Below is an example of a non-parametric model i use with its function parameters.
elseif strcmpi(model,'jpa2')
% y = a.*(1-1/(1+(b_1(t+e))^c_1+(b_2(t+e))^c_2+(b_3(t+e))^c_3))
heightModel = #(params,ages) abs(params(1).*(1-1./(1+(params(2).* (ages+params(8) )).^params(5) +(params(3).* (ages+params(8) )).^params(6) +(params(4) .*(ages+params(8) )).^params(7) )));
modelStrings = {'a','b1','b2','b3','c1','c2','c3','e'};
% Define initial values
if strcmpi('male',gender)
initialValues = [176.76 0.339 0.1199 0.0764 0.42287 2.818 18.52 0.4363];
else
initialValues = [161.92 0.4173 0.1354 0.090 0.540 2.87 14.281 0.3701];
end
I've tried to mimick the curve fitting process in kaleidagraph as good as possible. There I've found they use the levenberg-marquardt algorithm which I've selected. However results still vary and I don't have any more clues about how I can change this.
Some extra adjustments:
The idea for this code was the following:
I'm trying to compare different fitting models (they are designed for this purpose). So what I do is I have 5 models with different parameters and different starting values ( the second part of my code) and next I have the general curve fitting file. Since there are different models it would be interesting if I could put restrictions into how far my starting values could wander off.

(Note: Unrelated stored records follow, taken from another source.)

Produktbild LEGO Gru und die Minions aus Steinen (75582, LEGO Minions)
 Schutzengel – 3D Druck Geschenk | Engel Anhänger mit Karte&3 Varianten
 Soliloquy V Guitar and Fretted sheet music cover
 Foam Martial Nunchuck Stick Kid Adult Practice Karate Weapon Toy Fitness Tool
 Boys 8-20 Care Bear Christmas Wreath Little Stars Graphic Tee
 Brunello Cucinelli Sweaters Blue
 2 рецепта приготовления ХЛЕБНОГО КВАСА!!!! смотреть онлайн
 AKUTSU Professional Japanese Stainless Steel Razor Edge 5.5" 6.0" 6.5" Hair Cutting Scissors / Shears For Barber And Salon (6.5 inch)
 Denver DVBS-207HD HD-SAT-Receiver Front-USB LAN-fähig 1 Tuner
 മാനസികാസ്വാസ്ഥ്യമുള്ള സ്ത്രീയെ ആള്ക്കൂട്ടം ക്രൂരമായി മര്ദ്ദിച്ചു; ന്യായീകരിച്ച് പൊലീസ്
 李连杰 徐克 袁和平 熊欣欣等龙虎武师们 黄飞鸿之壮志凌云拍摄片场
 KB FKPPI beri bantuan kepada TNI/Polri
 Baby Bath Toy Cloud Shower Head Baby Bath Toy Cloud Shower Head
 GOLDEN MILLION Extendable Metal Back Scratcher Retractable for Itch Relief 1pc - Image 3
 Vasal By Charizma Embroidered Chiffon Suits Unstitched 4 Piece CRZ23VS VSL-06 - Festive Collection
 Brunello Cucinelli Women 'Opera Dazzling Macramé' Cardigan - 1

Anyone any idea how this could be done?
Anybody willing to help a psychology student?
Cheers
This is a common issue when dealing with non-linear models.
If I were, you, I would try to check if you can remove some parameters from the model in order to simplify it.
If you really want to keep your solution not too far from the initial point, you can use upper bounds and lower bounds for each variable:
x = lsqcurvefit(fun,x0,xdata,ydata,lb,ub)
defines a set of lower and upper bounds on the design variables in x so that the solution is always in the range lb ≤ x ≤ ub.
Cheers
You state:
I'm trying to compare different fitting models (they are designed for
this purpose). So what I do is I have 5 models with different
parameters and different starting values ( the second part of my code)
and next I have the general curve fitting file.
You will presumably compare the statistics from fits with different models, to see whether reductions in the fitting error are unlikely to be due to chance. You may want to rely on that comparison to pick the model that not only fits your data suitably but is also simplest (which is often referred to as the principle of parsimony).
The problem is really with the model you have shown resulting in correlated parameters and therefore overfitting, as mentioned by #David. Again, this should be resolved when you compare different models and find that some do just as well (statistically speaking) even though they involve fewer parameters.
edit
To drive the point home regarding the problem with the choice of model, here are (1) results of a trial fit using simulated data (2) the correlation matrix of the parameters in graphical form:
Note that absolute values of the correlation close to 1 indicate strongly correlated parameters, which is highly undesirable. Note also that the trend in the data is practically linear over a long portion of the dataset, which implies that 2 parameters might suffice over that stretch, so using 8 parameters to describe it seems like overkill.